Task to complete: With pictures left out, set down exactly the lines from the line containing "موشک‌های شبه‌نظامیان فلسطینی" through the last line of the data.

[Data records]
----

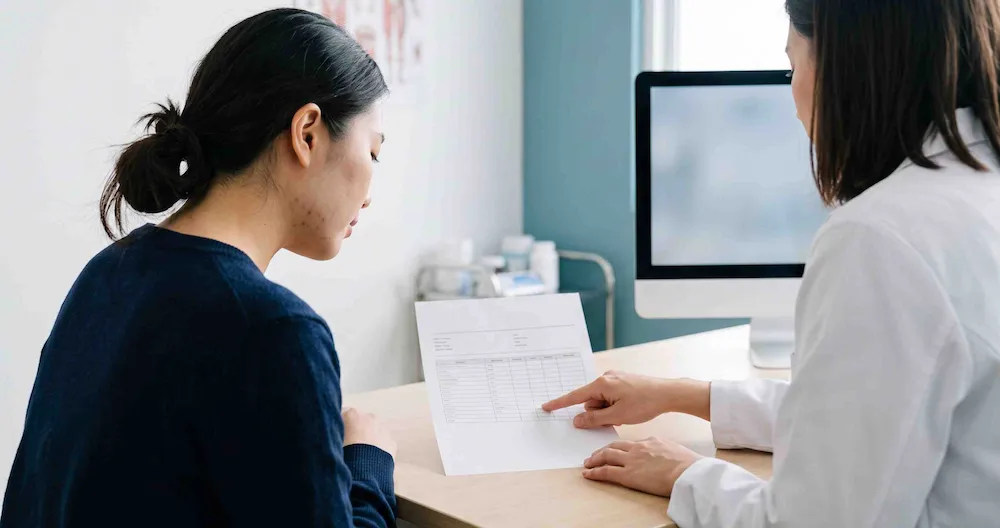 Bác sĩ da liễu Anh Mỹ Clinic hướng dẫn theo dõi xét nghiệm định kỳ khi điều trị mụn trứng cá bằng isotretinoin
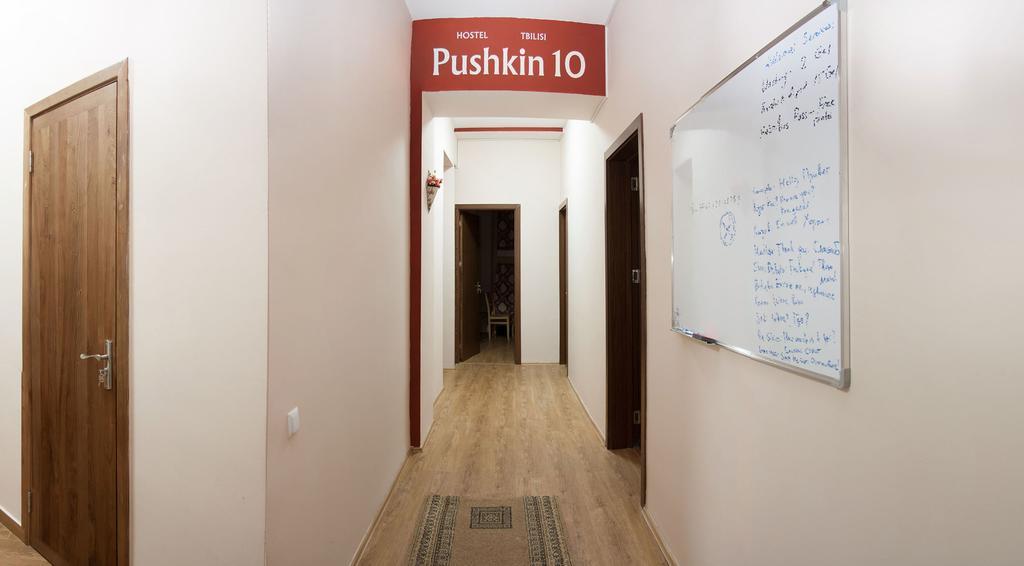 Pushkin 10 Hostel Tiflis Exterior foto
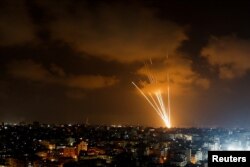 موشک‌های شبه‌نظامیان فلسطینی به سوی اسرائیل شلیک می‌شوند (رویترز، ۱۵ مرداد ۱۴۰۱)
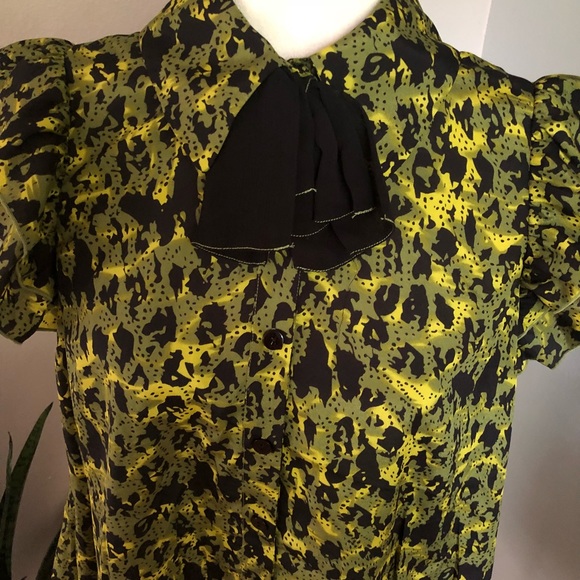 Green Leopard Bow Neck Ruffle Tunic - Picture 2 of 6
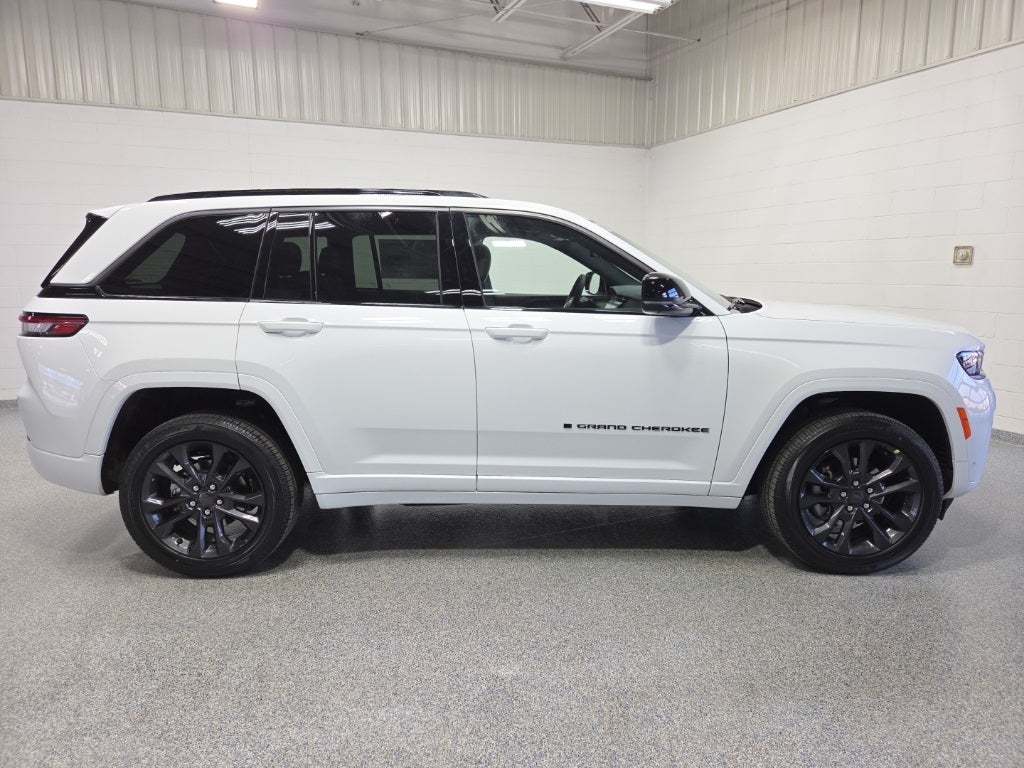 2026 Jeep Grand Cherokee GRAND CHEROKEE LIMITED RESERVE 4X4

----

Response box:
 موشک‌های شبه‌نظامیان فلسطینی به سوی اسرائیل شلیک می‌شوند (رویترز، ۱۵ مرداد ۱۴۰۱)
 Green Leopard Bow Neck Ruffle Tunic - Picture 2 of 6
 2026 Jeep Grand Cherokee GRAND CHEROKEE LIMITED RESERVE 4X4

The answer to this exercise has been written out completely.